WHAT THIS TASK INVOLVES:
Repeat, please, exactly the lines from the one that has "Once we're done" through the end of the records below, with pictures dropped.

PROVIDED INFORMATION:
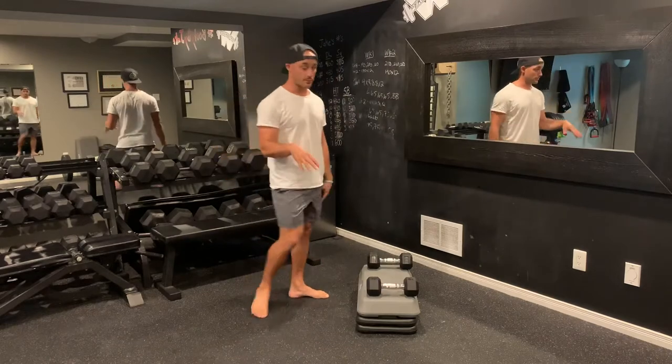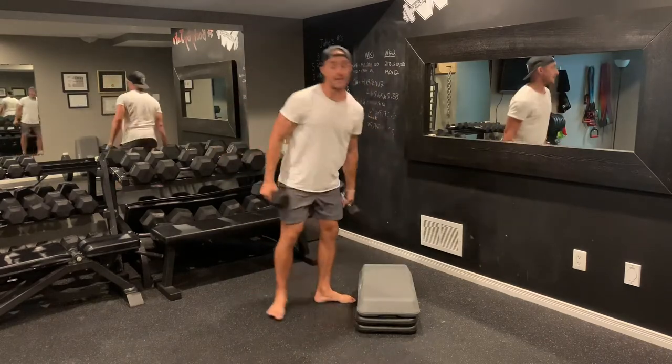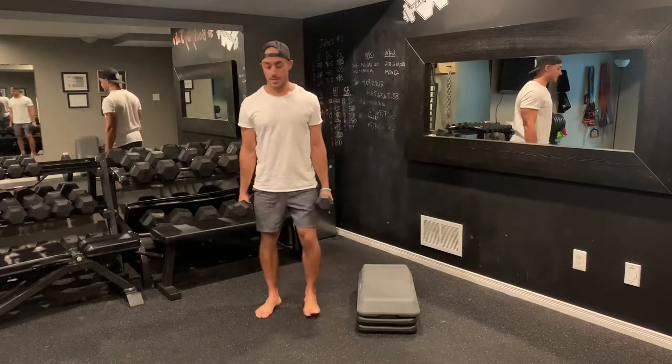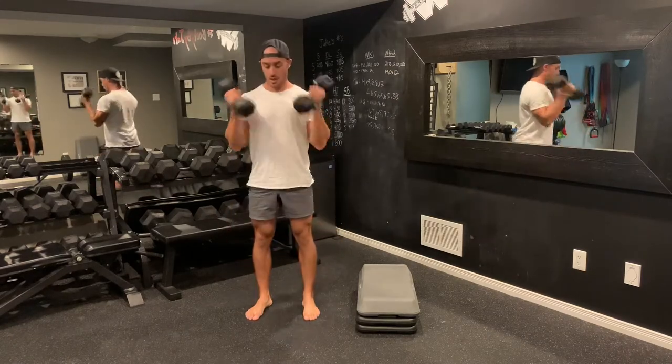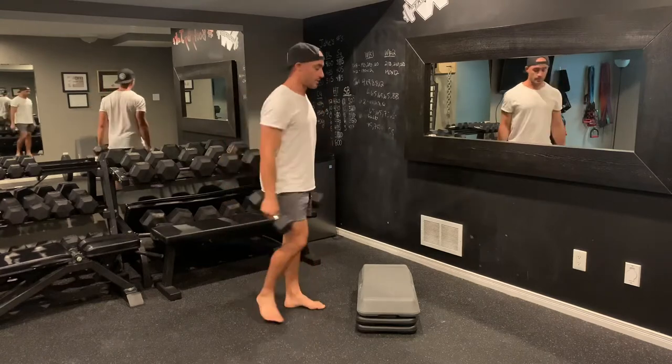Once your 20 seconds are complete, rest for 10. After your 10 seconds of rest, grab your dumbbells — squat down, curl up to the shoulders, squat down, up to the shoulders, squat down, up to the shoulders, just like so.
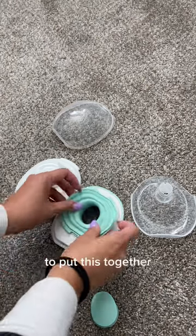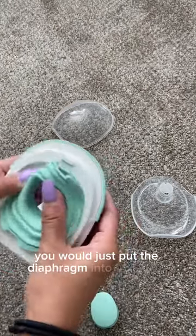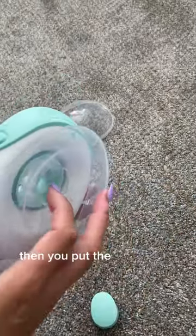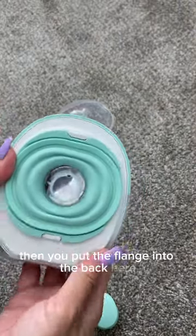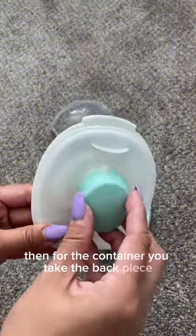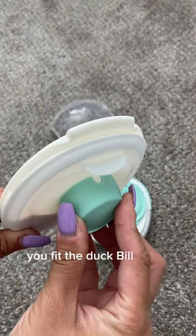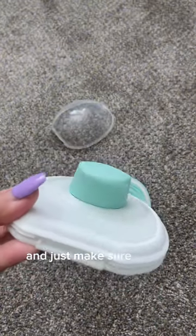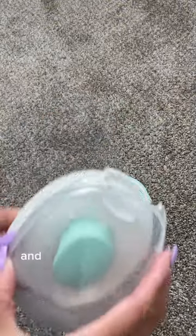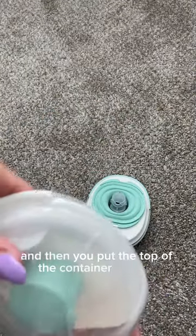To put this together, you would just put the diaphragm into the pump and line it up. Then you put the flange into the back. For the container, you take the back piece, fit the duckbill valve over top of it, and just make sure that it lines up properly. Then you put the top of the container on.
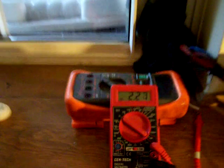Hey guys, I just wanted to make this little video to show you some amps I got coming in from homemade solar panels here.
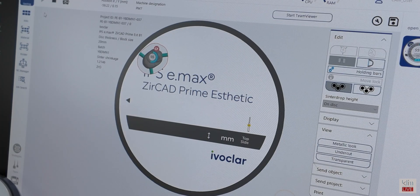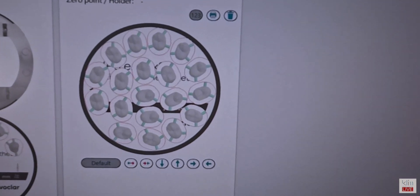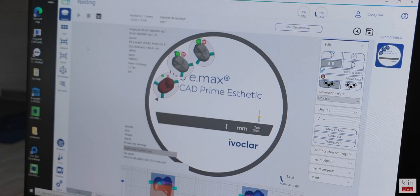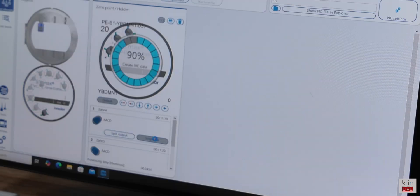Once we're done with this step, we can either start the mill process or add other projects. As you see here, we did quite a bit of milling for the class. To send off to the milling unit, click on NC manager on the side menu and that will open up the next step. Here we're going to use single file for all these restorations — that way we'll get multiple mills and can do this overnight, since we milled over 30. Or you have the split output option when you want to mill one restoration selectively at a time.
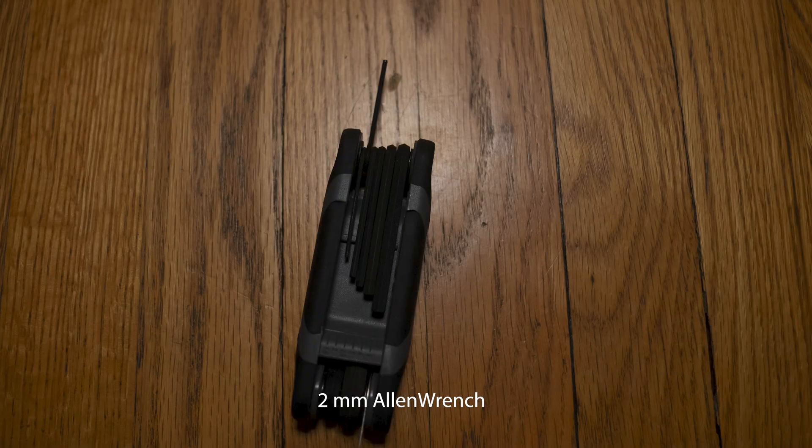The good news is it's very easy to collimate a Schmidt-Cassegrain telescope. You'll only need one tool. On a Meade, you'll need a 2-millimeter hex wrench, and on a Celestron, you'll need a Phillips-head screwdriver.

EXERCISE OUTPUT:
Once we're done with this step, we can either start the mill process or add other projects. As you see here, we did quite a bit of milling for the class. To send off to the milling unit, click on NC manager on the side menu and that will open up the next step. Here we're going to use single file for all these restorations — that way we'll get multiple mills and can do this overnight, since we milled over 30. Or you have the split output option when you want to mill one restoration selectively at a time.
The good news is it's very easy to collimate a Schmidt-Cassegrain telescope. You'll only need one tool. On a Meade, you'll need a 2-millimeter hex wrench, and on a Celestron, you'll need a Phillips-head screwdriver.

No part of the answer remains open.